* **AIM OF THE EXERCISE**
Word for word, restate the records from their first line through the line with "Beşiktaş’ta kur krizi!", both ends included; omit each picture.

* **EXTRACTED DATA**
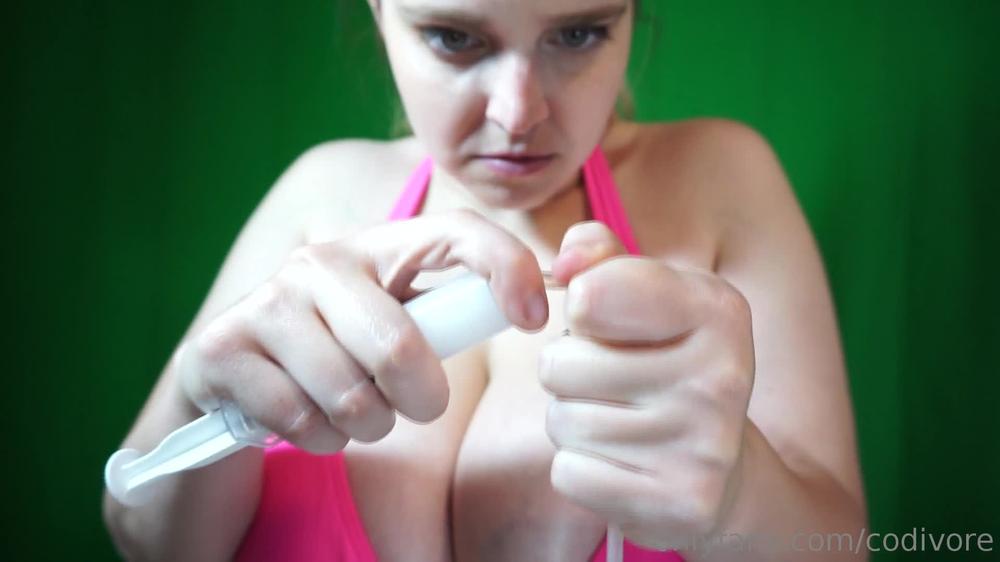 codivore 02 06 2019 35370433 Some BTS from my new video, I'm setting up the cum tube for this dick and after oiling up 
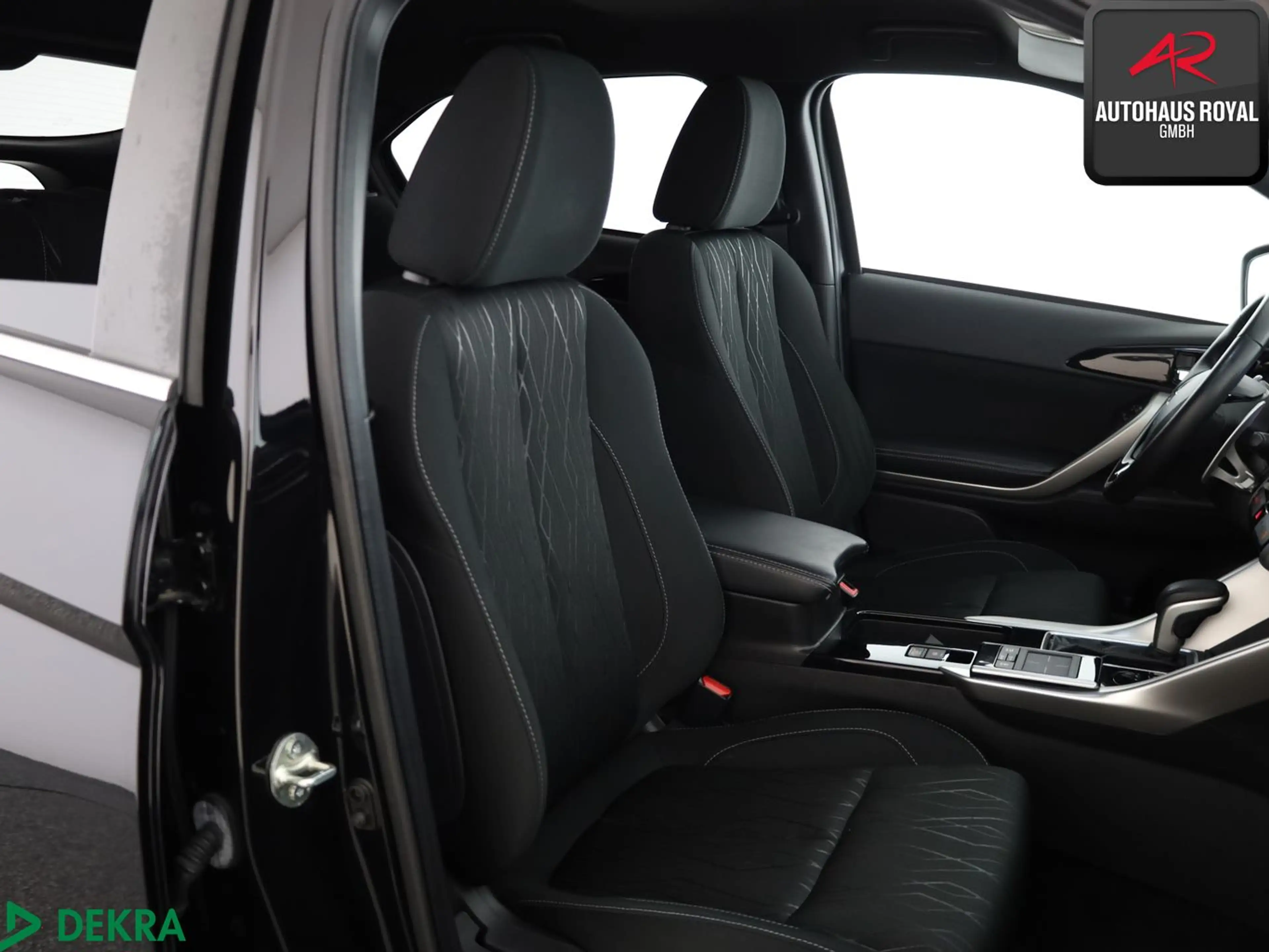 Mitsubishi Eclipse Cross 1.5 T-MIVEC INTENSE 360°,KEYLESS — photo 11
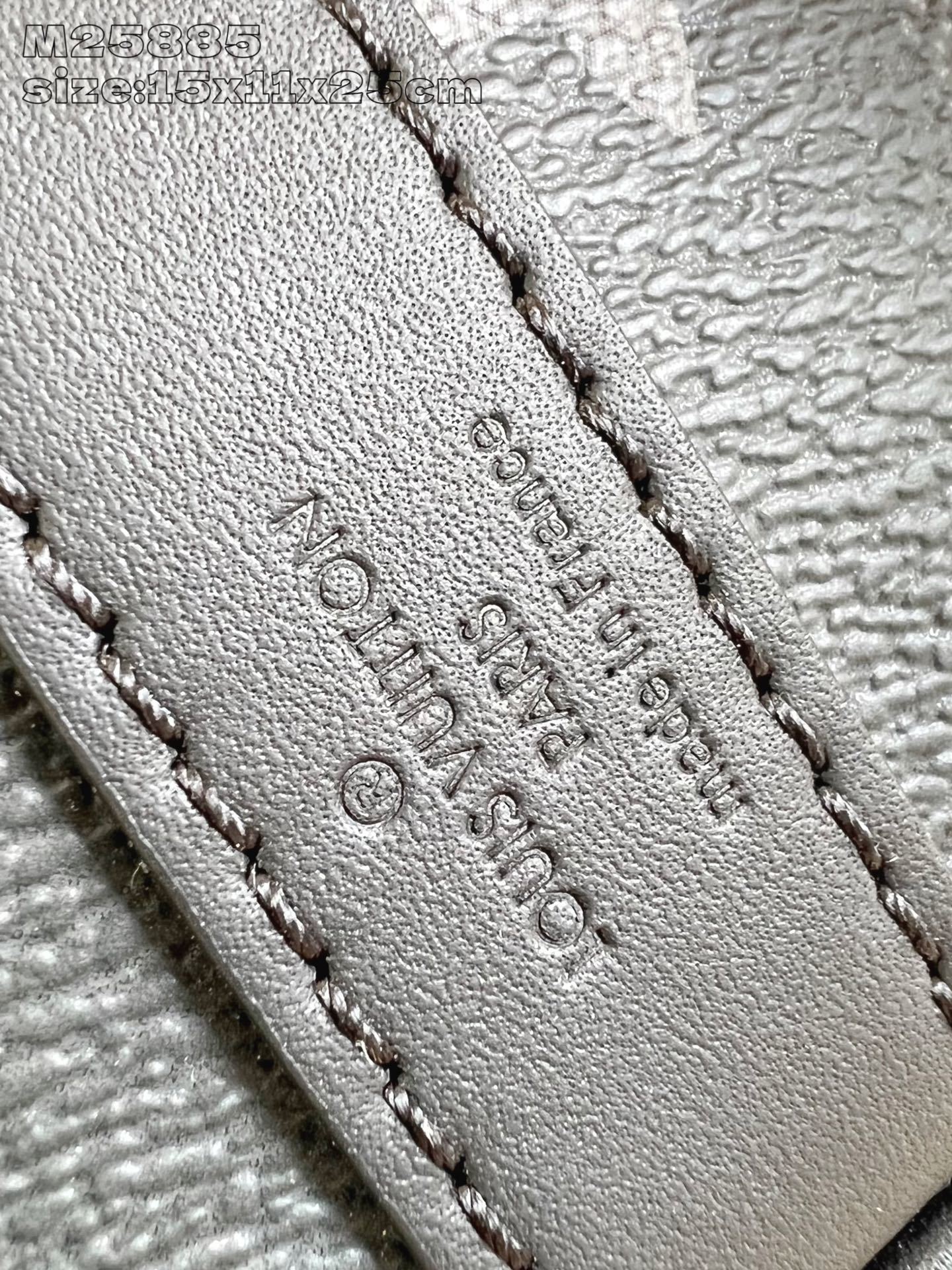 【顶级原单 M25885 】本款 Keepall Bandoulière 25 手袋拥有 Monogra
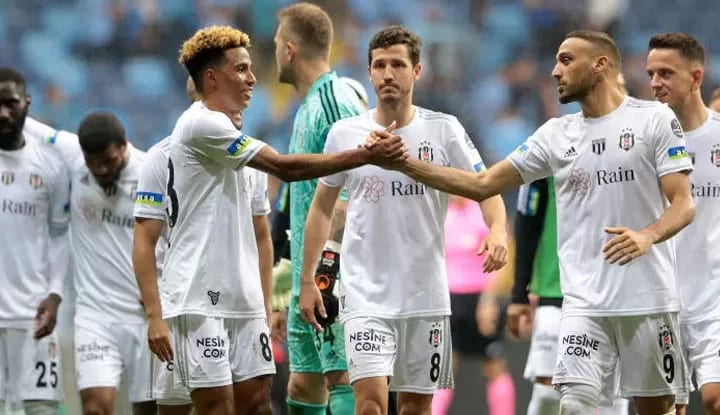 Beşiktaş’ta kur krizi! Cenk’ten sonra Salih de…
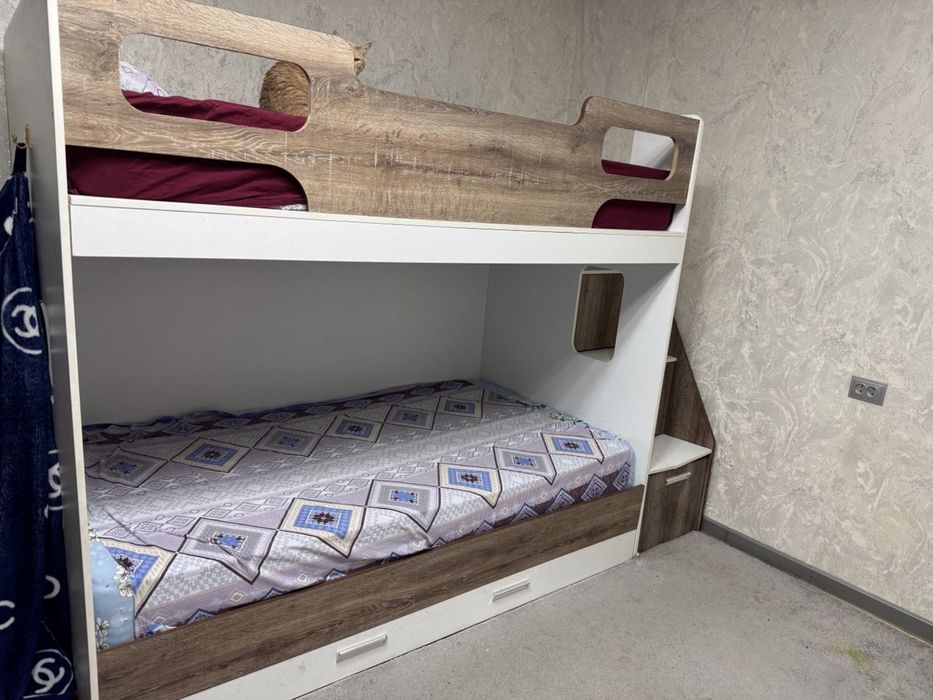 Продаю двухьярусную кровать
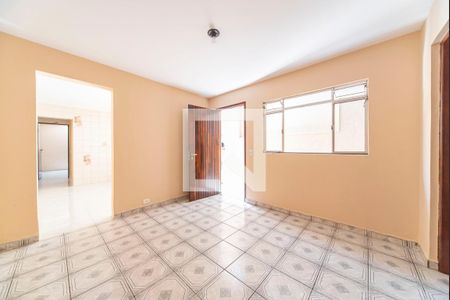 Sala de casa para alugar com 2 quartos, 100m² em Jardim Las Vegas, Santo André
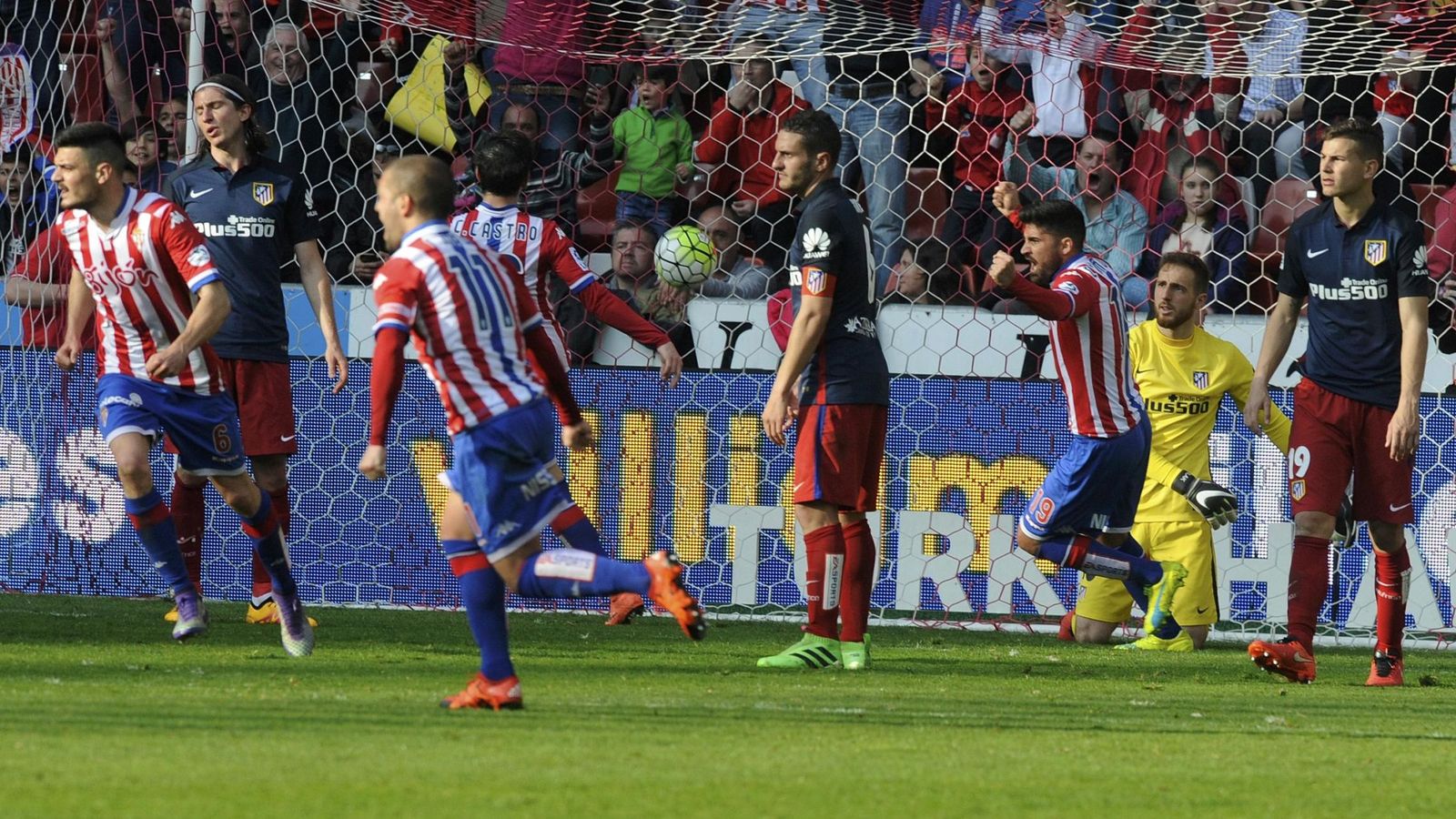 Foto: Los jugadores del Sporting de Gijón celebran un gol ante el Atlético de Madrid el pasado sábado (Reuters)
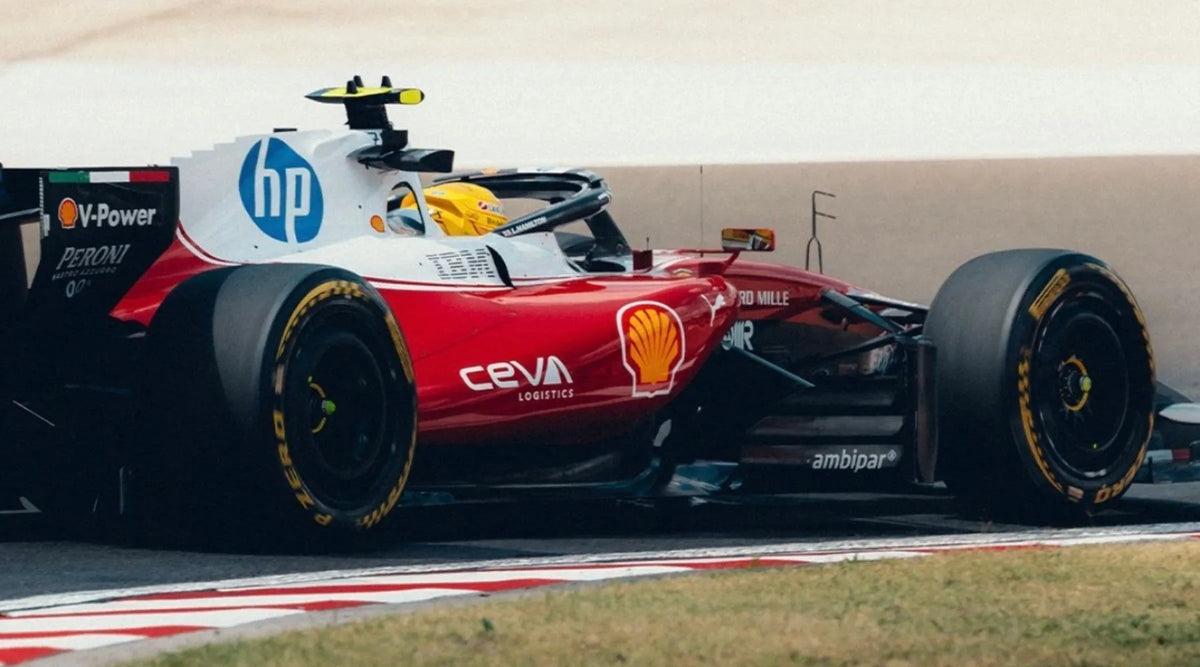 Ferrari 賽車於匈牙利 Hungaroring 練習賽行駛，FIA 關注賽道柏油剝離與抓地力問題。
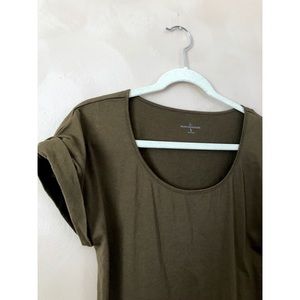 LL Bean Signature tee NWOT
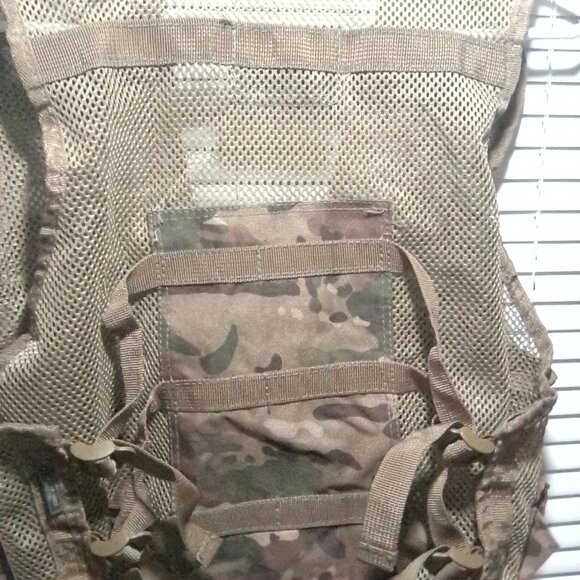 Military vest - Picture 4 of 4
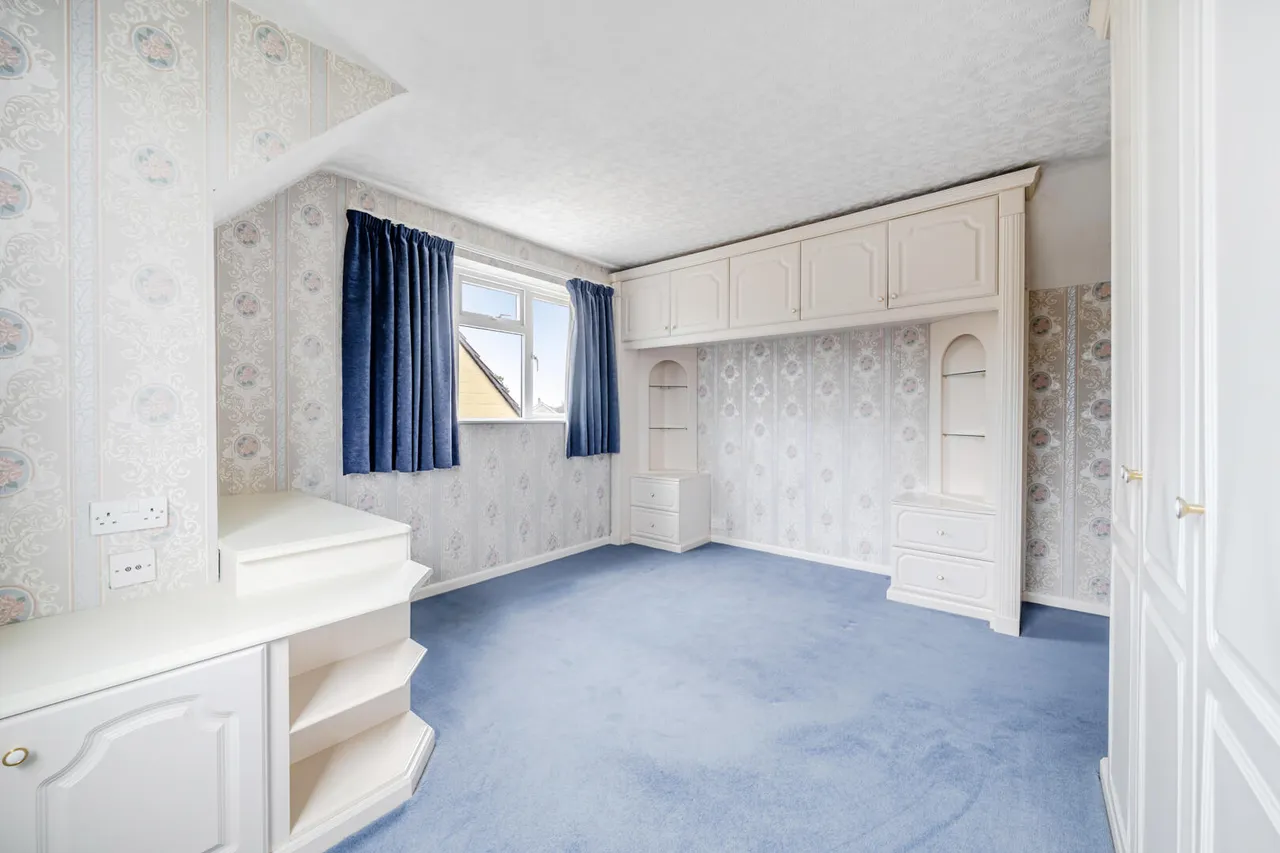 Cleveland Gardens, Trowbridge, BA14, photo 5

* **RESPONSE**
 codivore 02 06 2019 35370433 Some BTS from my new video, I'm setting up the cum tube for this dick and after oiling up 
 Mitsubishi Eclipse Cross 1.5 T-MIVEC INTENSE 360°,KEYLESS — photo 11
 【顶级原单 M25885 】本款 Keepall Bandoulière 25 手袋拥有 Monogra
 Beşiktaş’ta kur krizi! Cenk’ten sonra Salih de…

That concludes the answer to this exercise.